*** Supplied data ***
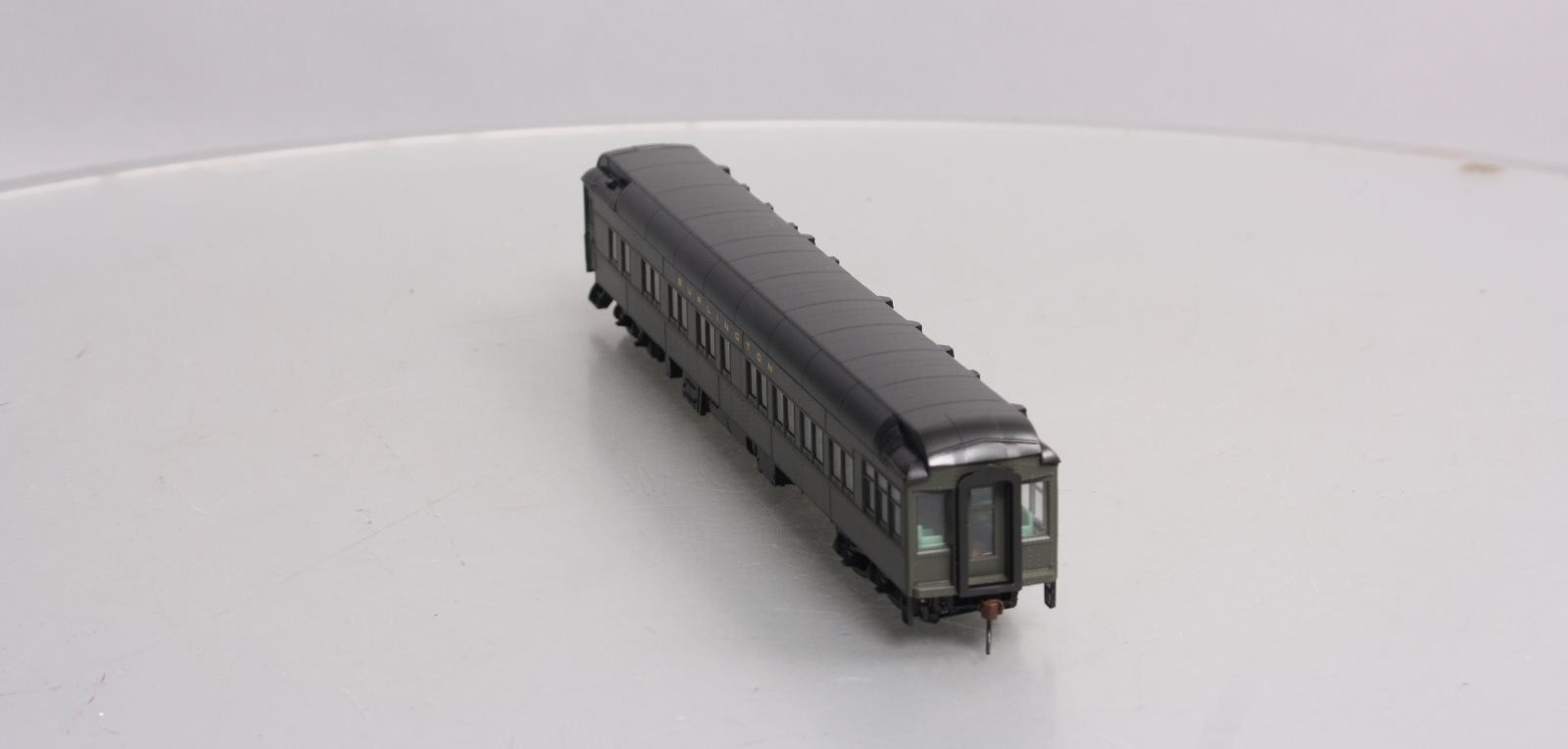 Walthers 932-10453 HO Burlington Pullman Heavyweight Solarium-Observation Car LN/Box
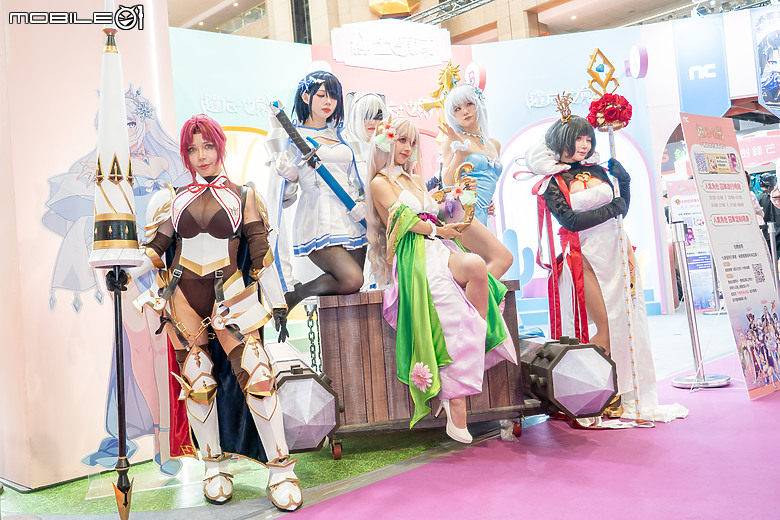 點我看大圖 韓國「撩慾系」RPG 手遊《遺忘之劍》前進漫博,祭超香互動與玩家同樂!
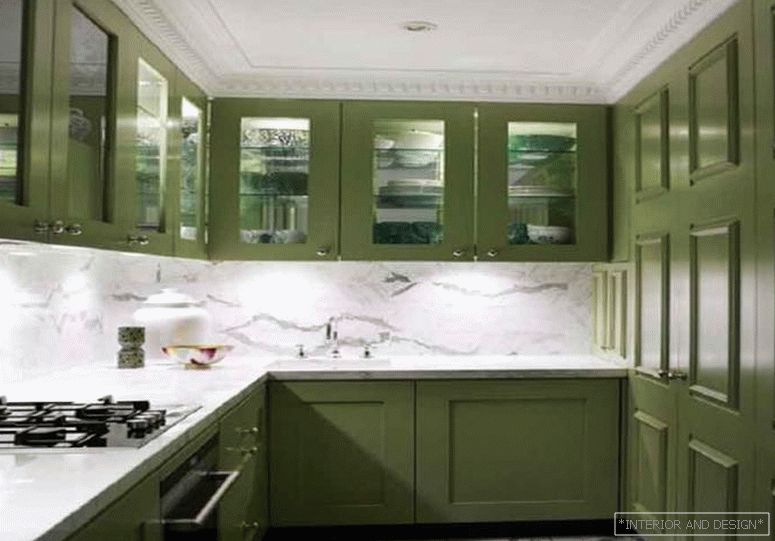 Fotografie kuchyně v olivové barvě 2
*** End of Supplied data ***
- _Work to be completed_:
Copy the material above exactly and drop the pictures.

- _Output for this exercise_:
 Walthers 932-10453 HO Burlington Pullman Heavyweight Solarium-Observation Car LN/Box
 點我看大圖 韓國「撩慾系」RPG 手遊《遺忘之劍》前進漫博,祭超香互動與玩家同樂!
 Fotografie kuchyně v olivové barvě 2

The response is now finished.